The locals told us the story of a settler who had sent for his English bride to join him. She survived the arduous voyage half way across the world by boat, alone, and the miserably long and hot journey to their farmstead, only to find him gone (I can’t remember why – he was hunting or trading in town or something). It was many months before he returned, and he found her almost starved and completely blind from the glare of the sun on the salt plains.

Desolation doesn’t begin to describe that moonscape environment. Yet people CHOSE to live there and many of them didn’t just live, they thrived.

The repeater station I visited was one of 11 that stretched fully from the north to the south of Australia, over 2000 miles. Building the overland telegraph line, in those days and in those conditions, was one of the greatest engineering feats in Australia’s history.

Once complete it finally put an end to the isolation, by putting Australia in touch with the rest of the world.

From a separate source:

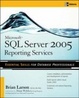 Cover of Microsoft SQL Server 2005 Reporting Services 2005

To put that sort of effort into a place that was so remote and unforgiving (it was almost 50 degrees one day we were there) shows a powerful desire to stay in touch, don’t you think? Nothing but the overwhelming need to remain connected to the outside world could get you digging and building and maintaining a place like that in an environment like that.

I was playing with all these kinds of ideas when I was decorating mail to send to lovely blog-readers recently. These folk hailed from all over the world, and I wanted to think about ways we once had of communicating across distance, before this age of Internet and technology.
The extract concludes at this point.